Institute for Genetics, Faculty of Math. Nat. Sciences
Prof. Dr. Andreas Beyer
Principal Investigator, Institute for Genetics
CECAD / Sybacol
Prof. Dr. Andreas Beyer and his group analyze the aging process in the human body and in model species by simultaneously observing the activities of all the genes in an organism. The working group develops algorithms for filtering large amounts of data for relevant information, such as interactions between genes and proteins. Integrating heterogeneous data sets is of particular interest, as this can open approaches to new questions that cannot be answered by evaluating individual data sets in isolation.

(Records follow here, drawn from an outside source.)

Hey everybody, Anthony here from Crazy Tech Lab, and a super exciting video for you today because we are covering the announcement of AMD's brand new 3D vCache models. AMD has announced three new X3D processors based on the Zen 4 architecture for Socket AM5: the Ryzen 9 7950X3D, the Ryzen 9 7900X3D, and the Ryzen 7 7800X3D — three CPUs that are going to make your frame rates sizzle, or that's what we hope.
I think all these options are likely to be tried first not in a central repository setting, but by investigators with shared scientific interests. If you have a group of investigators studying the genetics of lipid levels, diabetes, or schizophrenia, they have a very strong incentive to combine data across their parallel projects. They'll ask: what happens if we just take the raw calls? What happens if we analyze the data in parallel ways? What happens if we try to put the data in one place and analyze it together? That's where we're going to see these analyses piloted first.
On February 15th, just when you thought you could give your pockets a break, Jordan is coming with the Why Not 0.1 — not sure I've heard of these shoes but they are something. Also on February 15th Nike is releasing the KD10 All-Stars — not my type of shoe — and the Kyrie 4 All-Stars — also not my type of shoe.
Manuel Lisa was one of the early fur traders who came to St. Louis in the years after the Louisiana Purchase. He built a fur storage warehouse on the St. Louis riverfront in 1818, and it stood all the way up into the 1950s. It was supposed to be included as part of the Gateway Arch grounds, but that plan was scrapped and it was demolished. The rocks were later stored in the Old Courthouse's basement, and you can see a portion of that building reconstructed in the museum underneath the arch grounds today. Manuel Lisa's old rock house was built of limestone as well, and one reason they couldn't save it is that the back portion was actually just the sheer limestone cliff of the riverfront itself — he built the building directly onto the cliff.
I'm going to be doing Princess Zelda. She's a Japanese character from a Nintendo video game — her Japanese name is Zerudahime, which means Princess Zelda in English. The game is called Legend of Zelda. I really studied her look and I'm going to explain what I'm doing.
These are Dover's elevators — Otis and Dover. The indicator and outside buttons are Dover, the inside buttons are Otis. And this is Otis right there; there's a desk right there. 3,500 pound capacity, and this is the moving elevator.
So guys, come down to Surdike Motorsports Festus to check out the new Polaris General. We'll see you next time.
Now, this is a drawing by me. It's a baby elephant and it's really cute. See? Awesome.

Our research: Prof. Dr. Andreas Beyer and his working group use and develop computational approaches for exploring aging-associated changes in molecular networks. The integrated analysis of protein concentrations, gene activities, and network information, for example, allows for the identification of specific molecular networks that are subject to activity changes as part of the aging process. This yields information about the mechanisms of the aging process itself, and could help to identify interventions that might delay aging.
Our successes: The working group has made important contributions to further develop a range of biostatistical and bioinformatic methods, such as gene mapping techniques, network biology, and functional genomic screen analysis. The group’s work has also yielded fundamental findings on the link between a protein’s function and the manner in which its concentration is regulated in the cell.
Our goals: The scientists are interested in the mechanisms of the aging process and their manifestations in molecular networks. The ultimate goal is to use analytical and statistical algorithms to diagnose the individual causes of disease so as to develop a personalized treatment plan. This will improve therapeutic effectiveness and reduce side effects at the same time.
Our methods/techniques: The working group uses computational approaches from biostatistics, machine learning, and network biology to analyze, represent and integrate data from their own, joint, and third-party projects.
Figure 1: Network of genomic regions affecting protein levels in yeast. Each triangle is a genomic region affecting the protein level(s) of the respective protein(s). Proteins that are linked are binding to each other. This figure shows the complexity of genetic variation between individuals and to what extent protein levels are affected by those.
Figure 2: A gene network determining lifespan extension in the nematode worm Caenorhabditis elegans.